# comparison of proportion to a population Confidence Interval

#### mjs549

##### New Member
I am comparing the % of minorities from my organization to a population % of minorities, to see if it is high or low. I have data for my whole organization (not a sample) so I do not show CIs. The “population” data is a sample and thus has CIs. For example, see the below (hypothetical) data.

Question #1: if my organization value is within the CI population range, can say it is “consistent” with the population data?
Question #2: If my organization value is outside the CI population range interval, is it correct to stay there is a statistically significant difference, or should I just say it is “higher” or “lower” compared to the population?

#### Karabiner

##### TS Contributor
How large is the population sample, and how large is your organization?

#### mjs549

##### New Member
The population data had about 1500 survey respondents, but with weights applied the size was over 200,000. In my organization I have different divisions that will be compared separately compared to the population values. The size of the divisions are typically 100-1,000, although some are smaller like 20 people. (Maybe I should only compare larger divisions).

#### Karabiner

##### TS Contributor
I do not know how "with weights applied" increase a sample size of 1500 by a factor of more
than 100. How does that happen?

You could consider creating 2x2 tables with the factors "population vs division" and
"minority vs. non-minority". You can a) perform a statistical test, which deals with the
question whether the populations from which the 2 samples are drawn have exactely
the same proportion of minority members (Chi² test), and b) calculate a 90% or 95%
confidence interval for the difference between proportions, to get an idea of how
variable the differences can be, due to chance (sampling error).

With kind regards

Karabiner

#### mjs549

##### New Member
Thank you! couple of follow up questions:
1. Would it be a terrible sin not to calculate statistical significance, but just to make comparisons as "higher" or "lower?"
2. I understand the chi-square, but it seems to carry it out I would need to combine the two datasets into one. However, the "population data" is based on a sample and thus has weights, so it seems that half the data would need to be weighted and the other half not, which seems confusing. I'd be worried about calculating the statistical significance correctly.

#### Karabiner

##### TS Contributor
The significance test is just an option. Essentially, a 95% confidence interval around the difference
supplies the same information - if it contains zero, then one can maintain doubt whether the
difference between samples might be totally due to chance (sampling error). But as mentioned before,
I do not understand that weighting thing. One cannot use 1500 observations and make a sample
size of 200,000 out of it, at least as far as I know.

With kind regards

Karabiner

#### mjs549

##### New Member
Thank you! I looked at the survey file and the weights assigned to each individual are large in some cases, e.g. up to 7,000. For example, the below study gives weighted counts from an American Community Survey - “The study sample obtained from the 2019 ACS comprised a weighted total count of 148 358 252 individuals aged 20 to 65 years” when the number of people actually completing the survey would be much less.
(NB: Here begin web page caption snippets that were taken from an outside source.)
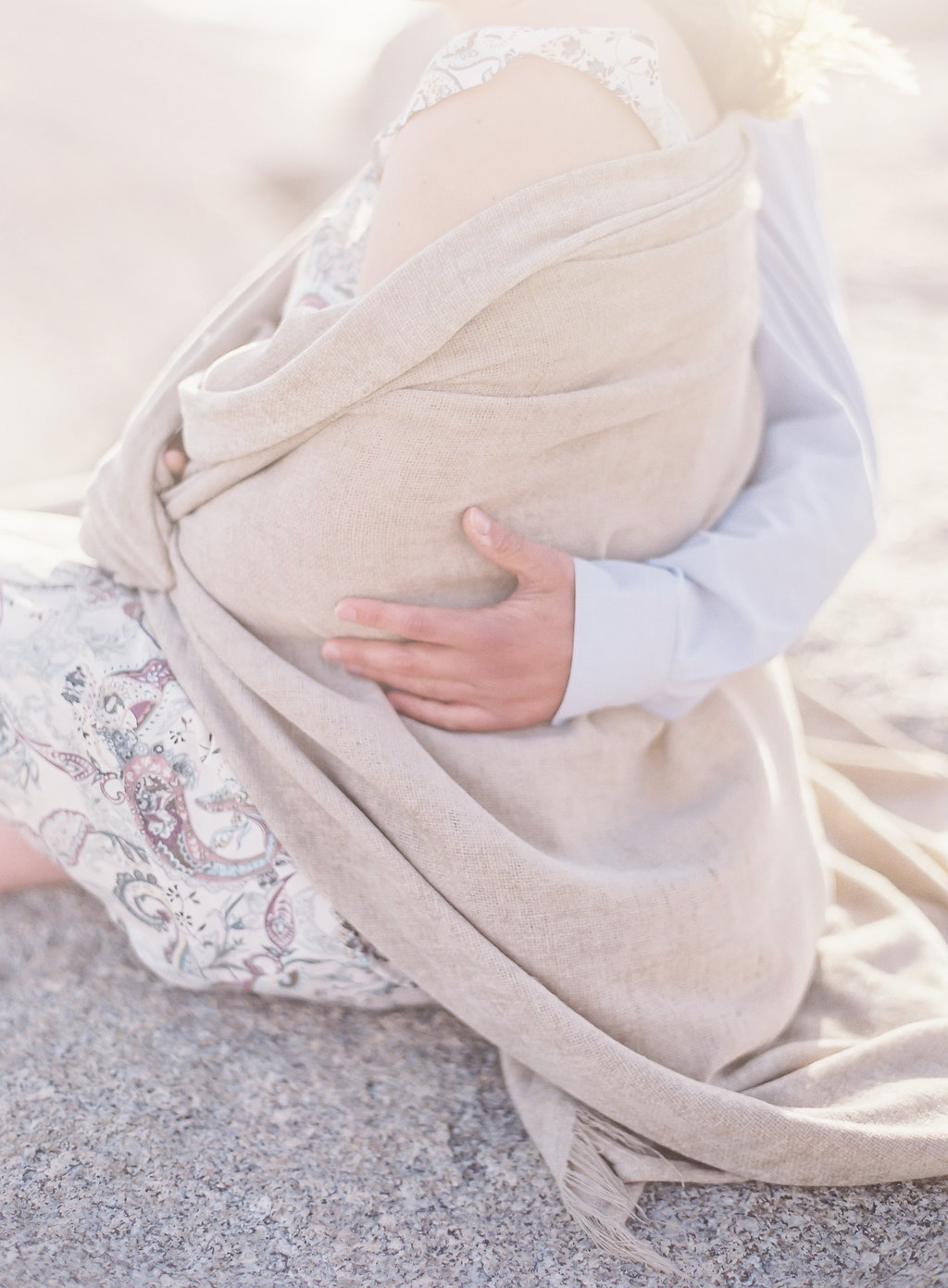 Peggy's Cove Engagement Session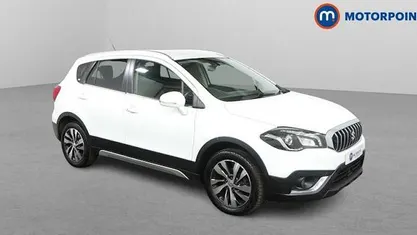 Used Suzuki SX4 SZ-T 129 HP (94 kW) 2021 Hatchback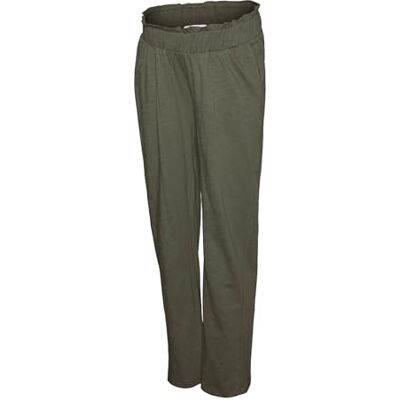 MAMA.LICIOUS Pants Mlivy Jrs-Noos, Kalamata, XL dam, Kalamata, XL MAMA.LICIOUS Pants Mlivy Jrs-Noos, Kalamata, XL dam, Kalamata, XL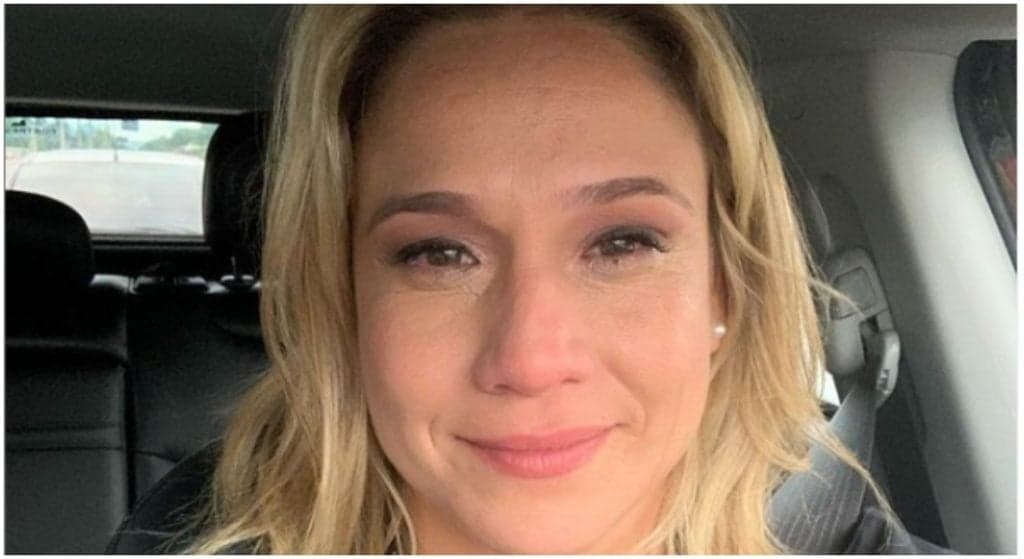 Após Globo arranca-lá do ar, Fernanda Gentil vai aos prantos com estreia do Se Joga: "Decisivo na carreira"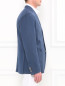 Однобортный пиджак из шерсти Boglioli  –  Модель Верх-Низ2
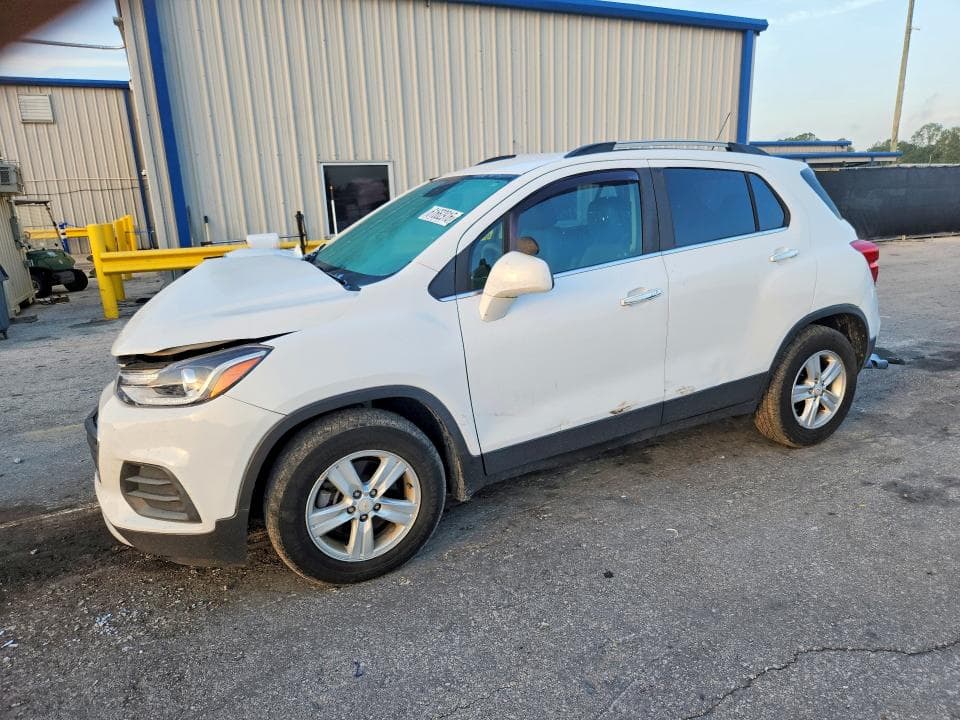 2019 CHEVROLET TRAX 1LT - 1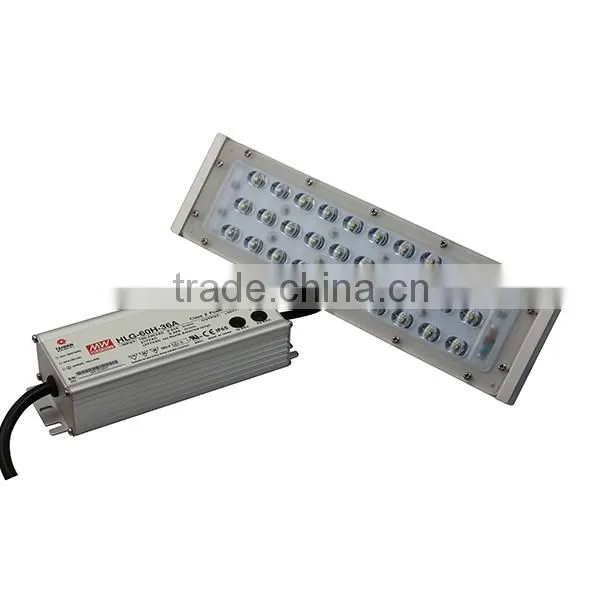 2016 hot sale led module IP65 waterproof high quality professional 30w led light for led street, canopy, shoebox lights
https://jamanetwork.com/journals/jamanetworkopen/article-abstract/2777977

Is there anything inherently wrong with analyzing the data in a descriptive manner? For example, the % minorities in the population ranges from 40-50% (confidence interval) and our organization has 70%, thus we have a higher percentage of minorities. Or, the population ranges from 15-25% and we have 22%, so we are within the range one would expect.

#### Karabiner

##### TS Contributor
Thank you! I looked at the survey file and the weights assigned to each individual are large in some cases, e.g. up to 7,000.
I suppose that you better use the original data then, but I am not sure.
Is there anything inherently wrong with analyzing the data in a descriptive manner? For example, the % minorities in the population ranges from 40-50% (confidence interval) and our organization has 70%, thus we have a higher percentage of minorities. Or, the population ranges from 15-25% and we have 22%, so we are within the range one would expect.
Confidence intervals are not descriptive statistics, but inferential statistics.
And confidence intervals do mean something different from "the true population
value is with 90% confidence between A% and B%".

I am not sure what's wrong with "the difference between the depeartment is D%,
the 95% confidence interval for this between A% and B% and does not contain zero."

With kind regards

Karabiner

#### mjs549

##### New Member
Thank you for your help! Much appreciated.